An Exceptional and Epic Day
Steudtner set a new Guinness World Record during 2020's infamous Hurricane Epsilon under exceptional - and rare - ocean and weather conditions.
The German surfer was towed into the record-breaking wave by Alemão de Maresias.
The experienced waterman put Steudtner in the perfect spot to ride the 25-second golden wave.
"It was massive and fast, and I felt like it was one of the biggest waves I have ever surfed," Sebastian Steudtner said at the time.
The world record wave was scrutinized using video frames and then geometrically corrected based on the camera's position and its angle.
Several variables come into play when judging a surfing world record.
The quality of the footage, the atmospheric conditions, and the distance between the photographer/videographer and the wave are some of them.
But the formula also takes into consideration the dimensions of the jet ski, the height of the surfer, and the image conversion from pixels to feet/meters.
WSL's official measurement officers are still analyzing and evaluating other waves from the same session.
The Quest Continues
The German received the Guinness World Record certificate from the hand of Walter Chicharro, the mayor of Nazaré.

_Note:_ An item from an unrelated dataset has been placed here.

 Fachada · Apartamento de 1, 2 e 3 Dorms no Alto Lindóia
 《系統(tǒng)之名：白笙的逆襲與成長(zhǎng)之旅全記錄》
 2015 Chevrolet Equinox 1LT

"For us, it's a huge satisfaction, and it's starting to be normal for records to be broken in Nazaré," underlined Chicharro.
"This is the sixth record broken here. It's fabulous for Nazaré and for Portugal."
"In the last decade, the waves of Praia do Norte have provided a great service to the country. Nazaré is Portugal's second-biggest brand, and it is only dethroned by Cristiano Ronaldo."
The surfer was proud of his accolade and stressed the importance of motivation.
"I am very proud of it. Anything you really want to do in life is possible," stated Steudtner.
"I was not born in a country with waves and did not have the opportunity, as a child, to travel to countries and surf. But I had the motivation to move to the other side of the planet and dedicate myself to surfing."
From Nuremberg to Maui to Nazaré
Sebastian Steudtner was born on May 4, 1985 in Esslingen am Neckar, Germany.
He was born to a German father and an Austrian mother and grew up in Nuremberg. His first contact with surfing was in France at the age of 9.
Steudtner's first watercraft was a bodyboard.
In 2001, at 16 years of age, he moved to Maui, Hawaii, where he kicked off his career as a windsurfer.
Steudtner earned his living in the following years as a construction worker to support his passion.
While in the Hawaiian islands, he met the family of Nelson Armitage Sr., who introduced him to big wave surfing.
The new Guinness World Record holder currently lives in the Portuguese fishing village.
"Surfing its waves, being part of Nazaré becoming what it is now - I've had a lot of beautiful moments here, a lot of dramatic moments as well. Yes, it's a place very close to my heart."
"This is not the end. This is not something; this is not something that I was trying to achieve because I was always focused on my performance, on becoming the best athlete I can be, and I'll continue doing that."
"I will continue in the race. If we work hard and are dedicated to what they do, all dreams are possible".